For at least one group of first-graders, a newly acquired skill is helping them to find a way to stay connected with their teacher.
Just before Spring Break, Emily Ruble and her Briarwood students studied letter writing. They practiced writing capital letters, adding commas, addressing envelopes, and signing letters.
When schools were closed in March, Ruble saw a new opportunity for students to learn even more. She wrote handwritten letters to each of her students’ households. She also included an addressed, stamped envelope so students could write back if they wanted.

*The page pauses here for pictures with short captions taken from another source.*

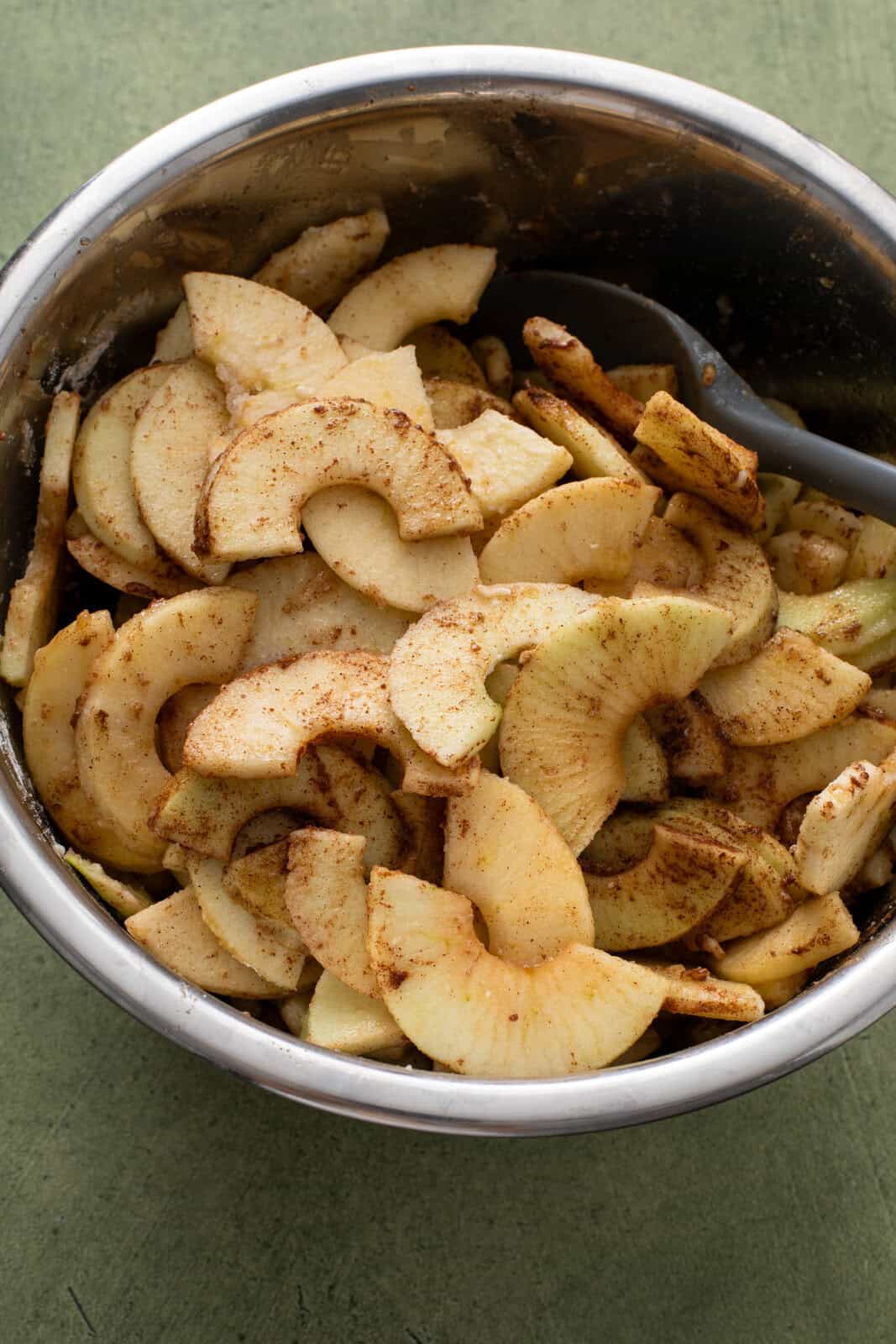 Filling for dutch apple pie stirred together in a large metal mixing bowl.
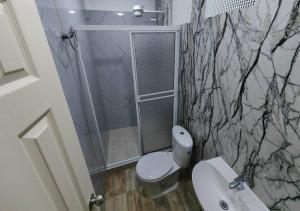 a bathroom with a toilet and a shower at Apartahotel Arcoiris Salento in Salento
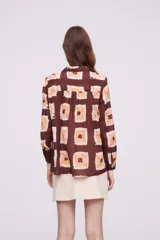 Camisa marrón con estampado de cuadrados color naranja y blanco, de corte holgado y manga larga.
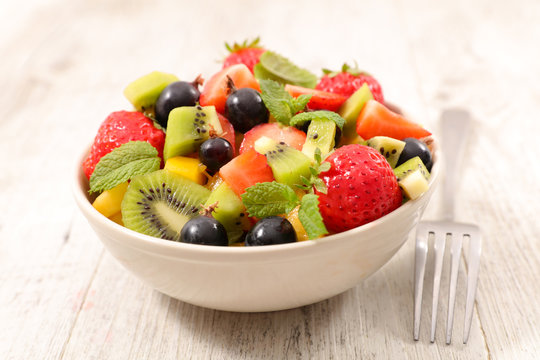mixed fruit salad with strawberry, grape, kiwi and banana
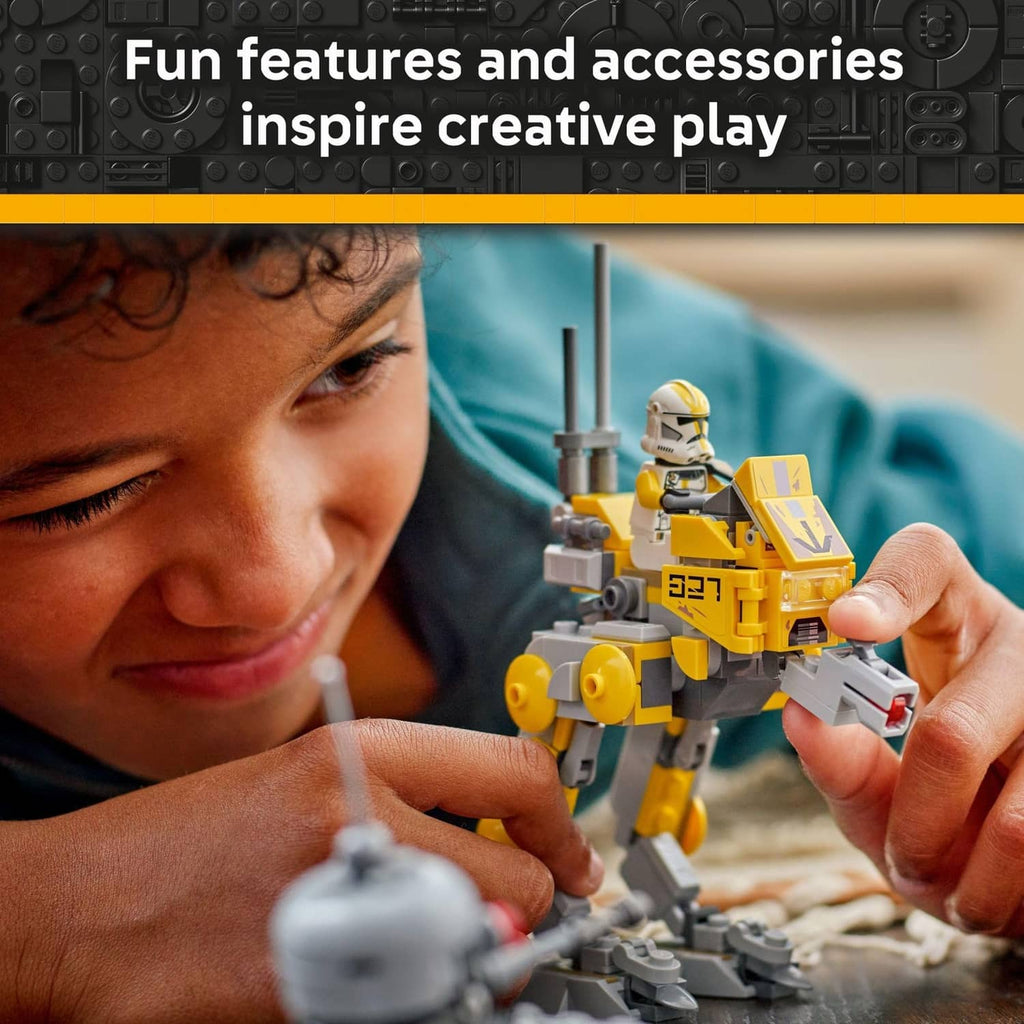 Yellow clone trooper toy and accessories held during hands-on building play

While Ruble expressed she wants her students to practice letter-writing skills, she emphasized that was far from the point of the activity. Ruble says she wanted each student to know, despite varying access to technology, students can still connect with trusted individuals.
“I want my students to learn what a good feeling it is to get a letter addressed to you in your mail, and how to give someone else that joy too,” Ruble added. “Mostly, I want them to know that I genuinely want to hear how they are doing, what they’re up to, and how they feel. I’m not necessarily worried about their spelling, handwriting, or punctuation.”
Ruble noted she was also intentional about acknowledging what her students might be feeling.
“I told my students we would not be coming back to school this year and that it is okay if that seemed weird or made them nervous,” Ruble said. “I told them I was nervous, too.”
Ruble also shared details about her dog, Nipsey, about putting a puzzle together, and encouraged students to write back.
“It worked!” Ruble exclaimed. “I’ve been getting a few letters each day. It has been an amazing project. Kids are so resilient. They are telling me about baking, making forts, about the books they’ve read. They’re having fun, and it makes being apart seem a little bit okay for the moment.”